Quel sistema teorico emerso in biologia evolutiva tra gli anni ‘40 e ‘60 del Novecento, e successivamente raffinata nei decenni successivi. La sintesi moderna coniuga la teoria darwiniana dell’evoluzione per seleziona naturale con i risultati molecolari radicati negli studi del monaco agostiniano G. Mendel (coevo di Darwin) che sfociano (nel 1953) nella scoperta della struttura del DNA, quella molecola in grado di contenere e trasmettere informazione genetica. Per la sintesi moderna, l’evoluzione biologica avviene per produzione (aleatoria) di variabilità genetica (mutazione), trasmissione della variabilità genetica (ereditarietà), e selezione delle varianti in base al livello di adattamento dei tratti iscritti nel DNA (selezione naturale).

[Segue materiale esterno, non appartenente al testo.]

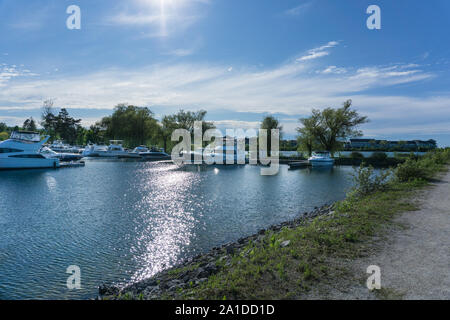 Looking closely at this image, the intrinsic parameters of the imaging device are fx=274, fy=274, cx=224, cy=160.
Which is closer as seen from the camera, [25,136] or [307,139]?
[25,136]

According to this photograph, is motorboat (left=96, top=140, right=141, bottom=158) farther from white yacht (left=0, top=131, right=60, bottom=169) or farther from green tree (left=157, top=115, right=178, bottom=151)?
white yacht (left=0, top=131, right=60, bottom=169)

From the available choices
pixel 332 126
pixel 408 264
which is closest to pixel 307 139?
pixel 332 126

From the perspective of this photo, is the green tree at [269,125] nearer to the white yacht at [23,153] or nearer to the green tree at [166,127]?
the green tree at [166,127]

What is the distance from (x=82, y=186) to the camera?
26453mm

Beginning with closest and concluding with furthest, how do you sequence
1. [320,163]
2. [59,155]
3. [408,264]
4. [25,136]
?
[408,264], [25,136], [320,163], [59,155]

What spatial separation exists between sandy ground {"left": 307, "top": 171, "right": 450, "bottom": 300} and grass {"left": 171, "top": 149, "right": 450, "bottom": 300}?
0.28 m

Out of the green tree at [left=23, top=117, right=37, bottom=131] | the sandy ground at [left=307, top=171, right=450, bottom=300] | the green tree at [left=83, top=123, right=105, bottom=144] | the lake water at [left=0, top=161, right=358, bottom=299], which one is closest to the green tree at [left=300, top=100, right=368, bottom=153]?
the lake water at [left=0, top=161, right=358, bottom=299]

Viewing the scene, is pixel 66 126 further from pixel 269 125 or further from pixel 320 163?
pixel 320 163

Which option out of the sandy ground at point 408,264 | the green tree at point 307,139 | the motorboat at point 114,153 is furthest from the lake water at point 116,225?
the motorboat at point 114,153

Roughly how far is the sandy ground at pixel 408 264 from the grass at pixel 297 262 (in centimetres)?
28

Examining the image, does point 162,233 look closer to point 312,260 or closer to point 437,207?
point 312,260

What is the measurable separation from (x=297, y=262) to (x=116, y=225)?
1045 centimetres

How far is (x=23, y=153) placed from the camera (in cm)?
4003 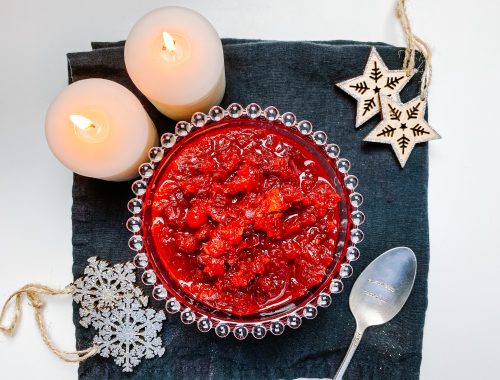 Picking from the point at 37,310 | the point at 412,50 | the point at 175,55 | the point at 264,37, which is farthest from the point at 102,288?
the point at 412,50

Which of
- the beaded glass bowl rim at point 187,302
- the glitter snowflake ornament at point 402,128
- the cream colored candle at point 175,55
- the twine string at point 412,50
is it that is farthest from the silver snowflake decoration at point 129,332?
the twine string at point 412,50

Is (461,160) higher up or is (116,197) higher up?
(461,160)

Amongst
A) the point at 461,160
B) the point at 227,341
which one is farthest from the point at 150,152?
the point at 461,160

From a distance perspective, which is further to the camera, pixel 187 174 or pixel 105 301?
pixel 105 301

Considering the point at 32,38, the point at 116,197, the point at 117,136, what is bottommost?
the point at 116,197

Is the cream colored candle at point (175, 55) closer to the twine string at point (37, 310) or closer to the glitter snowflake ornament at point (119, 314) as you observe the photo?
the glitter snowflake ornament at point (119, 314)

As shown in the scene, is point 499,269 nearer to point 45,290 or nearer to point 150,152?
point 150,152

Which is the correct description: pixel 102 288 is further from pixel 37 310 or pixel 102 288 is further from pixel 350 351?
pixel 350 351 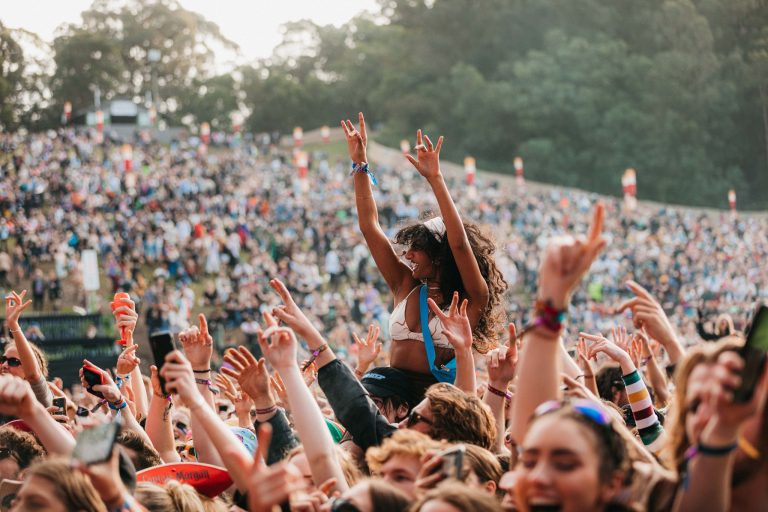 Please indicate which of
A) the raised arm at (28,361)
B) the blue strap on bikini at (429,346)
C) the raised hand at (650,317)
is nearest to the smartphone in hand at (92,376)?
the raised arm at (28,361)

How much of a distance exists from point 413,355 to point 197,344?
31.8 inches

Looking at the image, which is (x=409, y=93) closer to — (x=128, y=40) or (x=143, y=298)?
(x=128, y=40)

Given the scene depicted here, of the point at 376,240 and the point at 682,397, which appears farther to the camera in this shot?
the point at 376,240

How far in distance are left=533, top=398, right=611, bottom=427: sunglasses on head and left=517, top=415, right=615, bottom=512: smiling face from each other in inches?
1.9

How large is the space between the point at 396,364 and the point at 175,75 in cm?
6762

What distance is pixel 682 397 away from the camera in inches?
88.4

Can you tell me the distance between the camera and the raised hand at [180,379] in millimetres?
2547

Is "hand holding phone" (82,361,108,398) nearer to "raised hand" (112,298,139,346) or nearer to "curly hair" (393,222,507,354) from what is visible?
"raised hand" (112,298,139,346)

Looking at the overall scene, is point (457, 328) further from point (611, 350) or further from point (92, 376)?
point (92, 376)

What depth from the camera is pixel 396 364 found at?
3799 mm

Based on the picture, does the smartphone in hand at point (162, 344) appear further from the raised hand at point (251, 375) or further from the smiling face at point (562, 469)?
the smiling face at point (562, 469)

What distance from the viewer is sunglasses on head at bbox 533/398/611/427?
2.17 metres

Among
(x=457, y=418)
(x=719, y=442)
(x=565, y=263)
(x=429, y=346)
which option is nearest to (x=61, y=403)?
(x=429, y=346)

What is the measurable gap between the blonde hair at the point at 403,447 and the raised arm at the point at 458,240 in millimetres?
1031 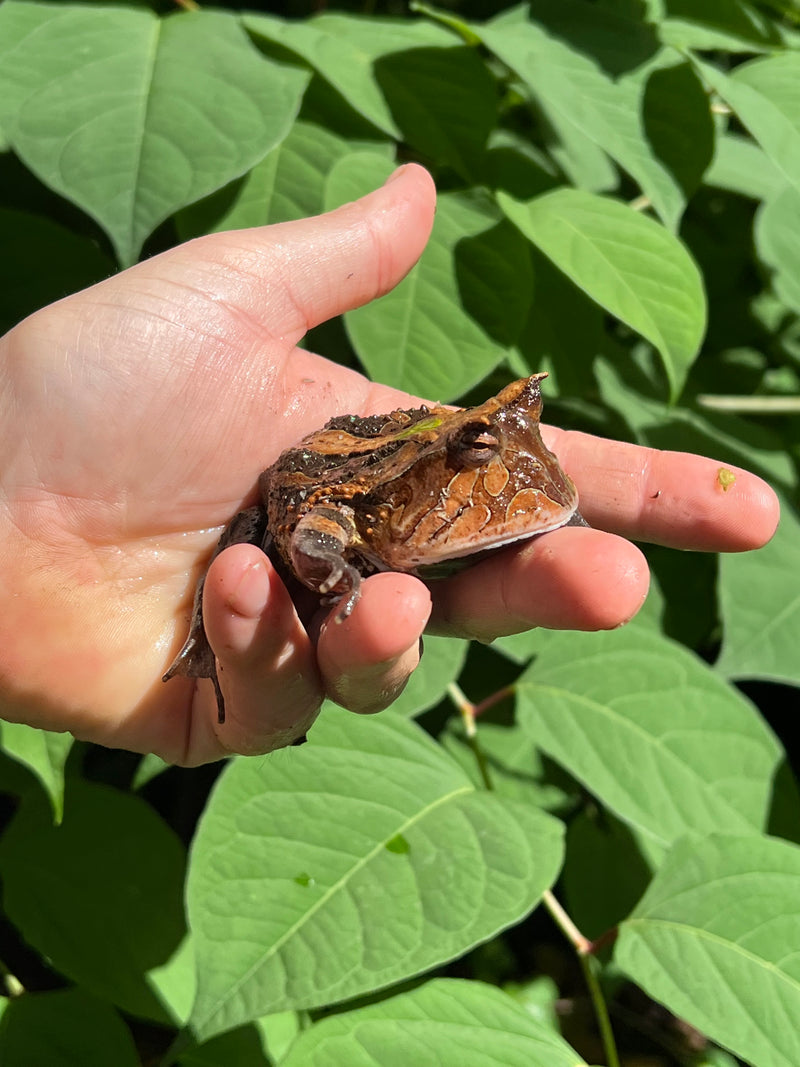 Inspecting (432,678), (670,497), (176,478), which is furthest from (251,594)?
(670,497)

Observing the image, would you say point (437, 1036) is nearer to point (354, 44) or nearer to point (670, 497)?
point (670, 497)

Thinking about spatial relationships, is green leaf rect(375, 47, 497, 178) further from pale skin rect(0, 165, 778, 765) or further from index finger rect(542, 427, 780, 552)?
index finger rect(542, 427, 780, 552)

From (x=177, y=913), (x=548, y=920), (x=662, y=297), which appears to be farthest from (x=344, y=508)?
(x=548, y=920)

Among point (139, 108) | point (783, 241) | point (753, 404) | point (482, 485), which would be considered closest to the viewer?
point (482, 485)

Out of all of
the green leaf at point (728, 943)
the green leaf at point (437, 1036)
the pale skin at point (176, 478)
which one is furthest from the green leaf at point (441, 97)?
the green leaf at point (437, 1036)

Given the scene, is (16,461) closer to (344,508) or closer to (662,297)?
(344,508)

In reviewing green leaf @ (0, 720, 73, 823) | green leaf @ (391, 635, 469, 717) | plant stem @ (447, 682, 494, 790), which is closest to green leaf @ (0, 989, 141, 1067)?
green leaf @ (0, 720, 73, 823)

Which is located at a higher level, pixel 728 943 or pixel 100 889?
pixel 728 943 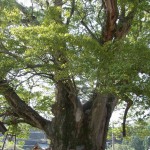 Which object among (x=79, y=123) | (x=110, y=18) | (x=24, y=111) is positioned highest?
(x=110, y=18)

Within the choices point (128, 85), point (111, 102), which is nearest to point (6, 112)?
point (111, 102)

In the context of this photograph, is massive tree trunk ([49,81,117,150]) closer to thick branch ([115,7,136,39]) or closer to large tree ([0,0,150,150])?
large tree ([0,0,150,150])

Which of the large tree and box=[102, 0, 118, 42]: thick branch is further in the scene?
box=[102, 0, 118, 42]: thick branch

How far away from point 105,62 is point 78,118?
247cm

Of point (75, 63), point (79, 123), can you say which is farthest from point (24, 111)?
point (75, 63)

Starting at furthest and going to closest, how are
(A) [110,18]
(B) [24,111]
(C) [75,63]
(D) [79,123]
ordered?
(B) [24,111] < (D) [79,123] < (A) [110,18] < (C) [75,63]

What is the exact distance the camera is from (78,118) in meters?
6.93

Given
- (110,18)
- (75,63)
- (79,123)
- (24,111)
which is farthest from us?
(24,111)

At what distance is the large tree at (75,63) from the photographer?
475 cm

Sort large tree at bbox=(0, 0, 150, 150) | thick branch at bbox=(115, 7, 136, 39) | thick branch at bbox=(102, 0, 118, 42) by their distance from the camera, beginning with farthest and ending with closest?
thick branch at bbox=(115, 7, 136, 39)
thick branch at bbox=(102, 0, 118, 42)
large tree at bbox=(0, 0, 150, 150)

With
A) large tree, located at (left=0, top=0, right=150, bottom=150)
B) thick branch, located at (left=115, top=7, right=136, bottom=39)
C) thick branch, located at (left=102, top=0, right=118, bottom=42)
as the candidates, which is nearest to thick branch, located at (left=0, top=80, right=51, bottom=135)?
large tree, located at (left=0, top=0, right=150, bottom=150)

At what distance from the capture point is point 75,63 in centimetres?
503

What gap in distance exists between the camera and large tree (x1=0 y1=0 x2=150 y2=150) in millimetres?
4746

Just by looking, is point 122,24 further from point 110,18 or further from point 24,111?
point 24,111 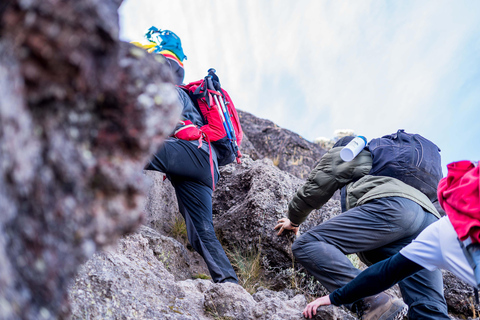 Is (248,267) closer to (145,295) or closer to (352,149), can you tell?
(352,149)

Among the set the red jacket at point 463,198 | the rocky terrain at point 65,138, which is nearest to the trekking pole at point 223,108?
the red jacket at point 463,198

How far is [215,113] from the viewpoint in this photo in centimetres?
406

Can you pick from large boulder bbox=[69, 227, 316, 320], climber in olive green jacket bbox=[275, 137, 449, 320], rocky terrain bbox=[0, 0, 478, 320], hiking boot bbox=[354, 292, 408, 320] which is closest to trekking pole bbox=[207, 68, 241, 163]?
climber in olive green jacket bbox=[275, 137, 449, 320]

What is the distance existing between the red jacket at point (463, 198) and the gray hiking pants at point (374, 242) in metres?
0.82

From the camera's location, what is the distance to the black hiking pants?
3678 millimetres

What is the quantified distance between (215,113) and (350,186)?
1689 millimetres

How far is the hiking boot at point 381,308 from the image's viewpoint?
110 inches

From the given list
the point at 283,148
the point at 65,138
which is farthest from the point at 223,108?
the point at 283,148

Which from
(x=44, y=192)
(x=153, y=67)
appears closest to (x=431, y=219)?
(x=153, y=67)

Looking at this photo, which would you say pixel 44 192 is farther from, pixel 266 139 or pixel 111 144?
pixel 266 139

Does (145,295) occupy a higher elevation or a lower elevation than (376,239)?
lower

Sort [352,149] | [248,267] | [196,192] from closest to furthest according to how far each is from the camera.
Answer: [352,149]
[196,192]
[248,267]

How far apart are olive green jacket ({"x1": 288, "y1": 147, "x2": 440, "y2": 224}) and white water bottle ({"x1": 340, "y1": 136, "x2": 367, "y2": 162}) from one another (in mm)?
74

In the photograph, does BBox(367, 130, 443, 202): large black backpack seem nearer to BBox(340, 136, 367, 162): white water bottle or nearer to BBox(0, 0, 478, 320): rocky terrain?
BBox(340, 136, 367, 162): white water bottle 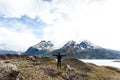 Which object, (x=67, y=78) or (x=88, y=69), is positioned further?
(x=88, y=69)

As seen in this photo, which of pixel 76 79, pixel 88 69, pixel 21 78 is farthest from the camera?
pixel 88 69

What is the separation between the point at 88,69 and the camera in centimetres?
8156

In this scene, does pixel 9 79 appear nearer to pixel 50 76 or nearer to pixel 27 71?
pixel 27 71

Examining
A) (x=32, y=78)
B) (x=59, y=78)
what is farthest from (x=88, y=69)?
(x=32, y=78)

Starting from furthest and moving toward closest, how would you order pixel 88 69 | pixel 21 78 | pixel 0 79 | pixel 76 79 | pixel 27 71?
pixel 88 69, pixel 76 79, pixel 27 71, pixel 21 78, pixel 0 79

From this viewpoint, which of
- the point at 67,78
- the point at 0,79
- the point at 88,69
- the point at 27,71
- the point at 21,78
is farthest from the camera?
the point at 88,69

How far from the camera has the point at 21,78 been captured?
39.1m

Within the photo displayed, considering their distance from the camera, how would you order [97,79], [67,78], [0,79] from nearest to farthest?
[0,79]
[67,78]
[97,79]

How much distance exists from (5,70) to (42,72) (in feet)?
33.1

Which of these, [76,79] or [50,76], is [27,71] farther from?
[76,79]

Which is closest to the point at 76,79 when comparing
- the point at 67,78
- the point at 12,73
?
the point at 67,78

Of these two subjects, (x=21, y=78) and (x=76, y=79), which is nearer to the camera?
(x=21, y=78)

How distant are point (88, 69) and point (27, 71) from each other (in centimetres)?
4144

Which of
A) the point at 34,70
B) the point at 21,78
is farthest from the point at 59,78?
the point at 21,78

Sistema teorico in biologia evolutiva in attuale elaborazione, visto come alternativa alla sintesi moderna. La sintesi evolutiva estesa ridimensiona il ruolo delle mutazioni genetiche come sorgente della variabilità biologica, riconoscendo che autentica novità biologica sorge anche a livello epigenetico (aspetti molecolari non genetici), fenotipico (morfologico, comportamentale, cognitivo), e simbolico-culturale (almeno nel caso dell’essere umano). Nozioni centrali sono quelle di “plasticità fenotipica” (fenotipi diversi e nuovi possano insorgere anche “a parità” di corredo genetico), “costruzione di nicchie” (gli organismi modificando l’ambiente modificano le pressioni selettive su se stessi e le future generazioni), “nuovi sistemi di ereditarietà” (non solo i geni sono responsabili della trasmissione intergenerazionale dei tratti).